7. Economy- because of its wide reach, overall cost of advertising gets spread over a wide audience and per unit cost of reach ↓.

Objections against Advertising: Though advertising is one of the most frequently used medium of promotion of goods & services but it attracts a lot of criticism/objections against it, which are as follows:
1. Increased Product Price: Which is ultimately added to product cost, manufacturers pass this cost to ultimate customers.
2. Confusion to Customers: The number of advertisements shown for a single product having different brands confuse the customers and it becomes very difficult for them to make choice.
3. Encouraging sale of Inferior Products: In many cases some product features are over emphasized.
4. Advertisement of Bad Tastes: Events, models degrade the human dignity.
5. Undermines Social Values and Promotes Materialism: It induces the customers to buy more and more products. Because of emphasis on materialism, social relationships are distorted which brings social disorder. In the changed economic environment of globalisation, advertising is considered as an important tool of marketing. It helps a firm in effectively communicating with its target market, increasing the sale and thereby reducing the per unit cost of production. It is not a social waste rather it adds value to the social cause by giving a boost to production and generating employment.

2. Personal Selling
Personal selling consists of contacting prospective buyers of product personally i.e face to face interaction between seller and buyer for the purpose of sale.

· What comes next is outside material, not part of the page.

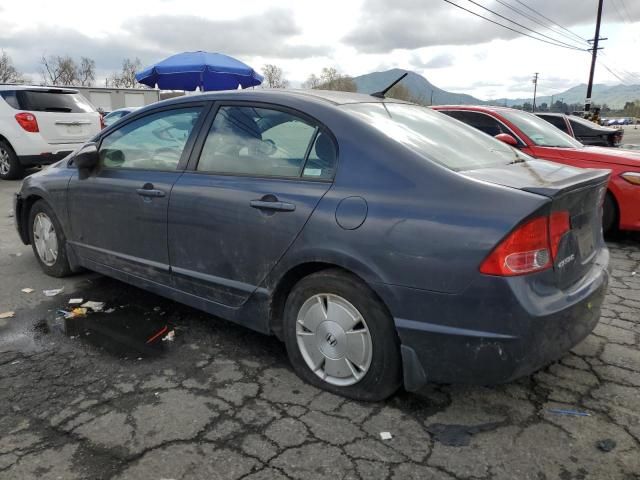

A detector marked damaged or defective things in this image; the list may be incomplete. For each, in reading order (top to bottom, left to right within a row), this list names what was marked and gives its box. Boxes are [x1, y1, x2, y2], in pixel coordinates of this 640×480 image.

cracked asphalt [1, 178, 640, 478]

Features of the Personal Selling

1. Personal contact is established under personal selling.

2. Oral conversation.

3. Quick solution of queries.

4. Receipt of additional information.

5. Development of relationship with the prospective customers which may become important in making sale.

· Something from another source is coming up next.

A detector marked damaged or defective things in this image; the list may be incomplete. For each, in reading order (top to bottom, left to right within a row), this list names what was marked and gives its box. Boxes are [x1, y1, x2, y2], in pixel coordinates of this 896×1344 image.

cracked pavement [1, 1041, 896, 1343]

Qualities of a Good Salesman

1. Physical qualities: Tidy appearance, good posture, cheerful smile etc

2. Psychological qualities: good nature with Empathy and ego drive,

3. Technical quality: Full technical knowledge about the product,

4. Good communication skills - Polite, tactful, having good manners etc

5. Honesty,

6. Courtesy,

7. Persistent- must not give up as one additional argument can close a sale.

8. Capacity to inspire trust

Sales Promotion refers to short term incentives/ other promotion activities that seek to stimulate interest, trial or purchase.